Evolve in practice — Customer-support agent (90 days post-launch)
Part 5 · EVOLVE · Scenario 1 of 3
"The amendment that compounds is the one that lands in the spec. The amendment that doesn't compound is the one that lives in the prompt."
Setting
Friday afternoon, day 51. The on-call engineer (Sam) pages the team channel: the customer-support agent just refunded $2,400 to a user whose ticket said "I want my money back." No invoice number. No order context. No second confirmation. The refund is well outside the cap.
The team's first instinct, after escalating to Priya, is to update the prompt: "do not refund without an explicit invoice number AND a confirmation step." Two engineers start drafting the prompt change.
Maya stops them: "Wait. The cap is $500. How did $2,400 ship?"

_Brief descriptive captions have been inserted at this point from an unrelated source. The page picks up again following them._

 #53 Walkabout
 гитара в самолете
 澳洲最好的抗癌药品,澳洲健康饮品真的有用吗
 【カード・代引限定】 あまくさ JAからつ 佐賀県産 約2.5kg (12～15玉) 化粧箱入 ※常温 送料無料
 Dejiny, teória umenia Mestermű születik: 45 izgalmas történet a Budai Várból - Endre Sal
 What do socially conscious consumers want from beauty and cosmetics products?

This is the chapter where the closed-loop discipline gets exercised in operation. It walks 90 days of running the customer-support agent — including the $2,400 incident, a Cost Posture incident at day 47, the Output Gate transition that didn't happen at day 30, and the Discipline-Health Audit at day 90. The discipline produces 11 structural amendments, two transitions, one anti-pattern caught early, and one decision to deprecate a path that was net-negative.
The $2,400 incident
The investigation takes 4 hours. The trace shows what happened:
- The customer's ticket was: "I want my money back." No specifics.

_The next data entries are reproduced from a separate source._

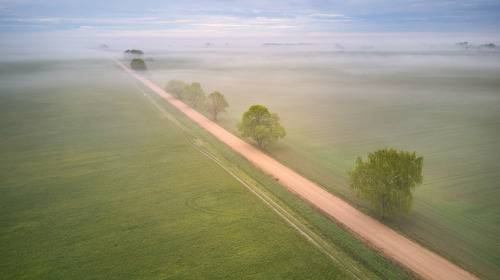 Дорогами, Туманами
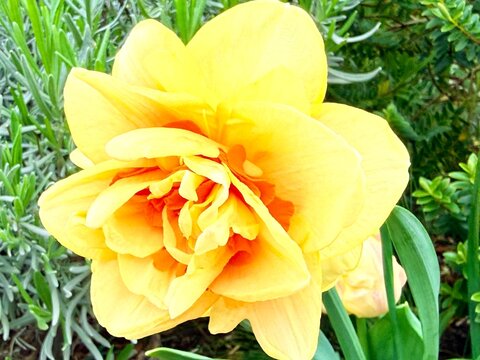 gros plan sur une fleur de jonquille un jour ensoleill&eacute; de printemps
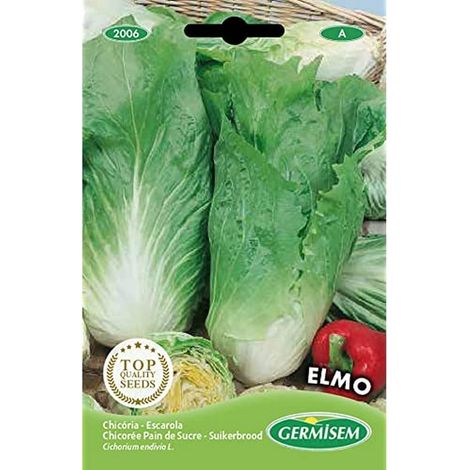 graines Chicorée Pain de Sucre ELMO (1/2)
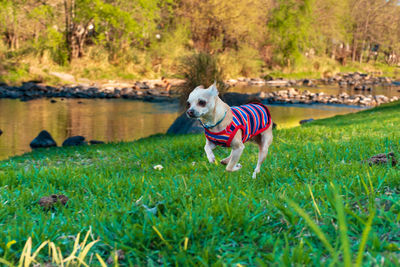 Dog in a lake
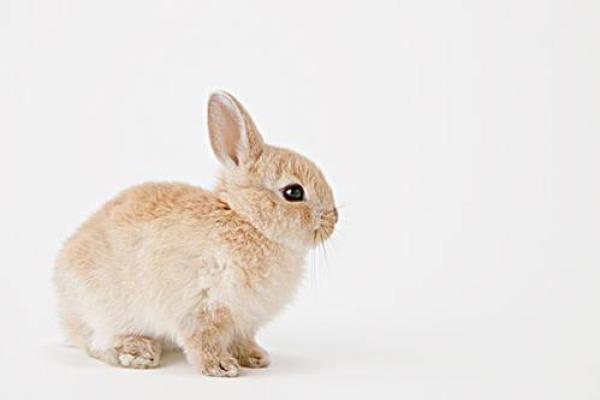 家里养兔子风水,家里养兔子风水好吗 家里养兔子风水,家里养兔子风水好吗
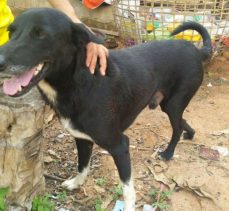 Annesi tarafından canlı canlı gömülen bebeği, köpek kurtardı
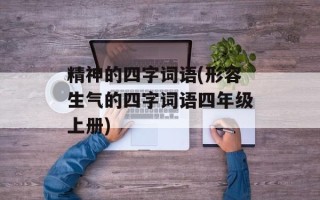 精神的四字词语(形容生气的四字词语四年级上册)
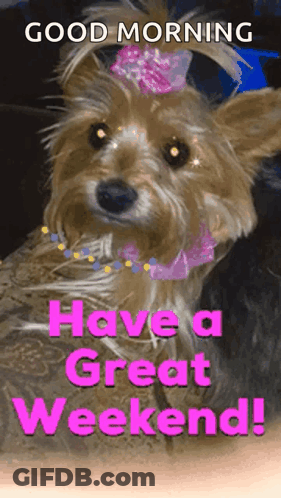A Dog With A Pink Bow On Its Head And The Words Good Morning Have A Great Weekend GIF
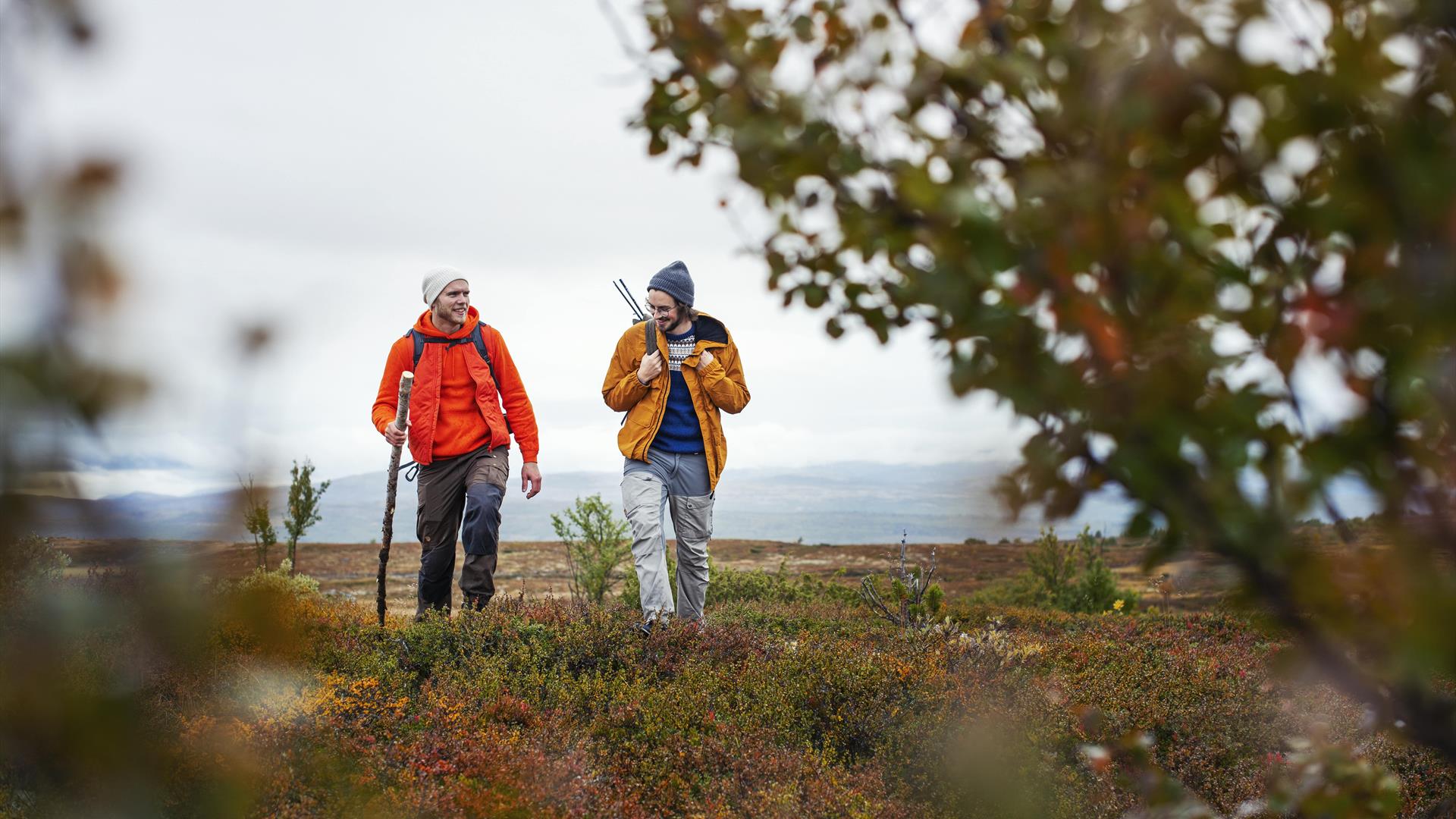 To personer vandrer i fjellet.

- The agent classified the intent as refund request. Confidence: 0.81 (above the 0.7 threshold).
- The agent called the KB lookup; it returned a generic article on the refund policy.
- The agent emitted a clarifying question: "To process your refund, please share the order number."
- The customer replied: "I don't have it. Just refund the last $2,400 charge on my account, that's the one."
- The agent called
lookup_account. The account's most recent charge was $2,400 (a six-month plan upgrade). - The agent called
issue_refund_within_capwithamount_usd=240000(cents). - The Guardian raised
GuardianBlocked. - The agent's next turn entered Advisor mode and emitted an escalation message to the human queue.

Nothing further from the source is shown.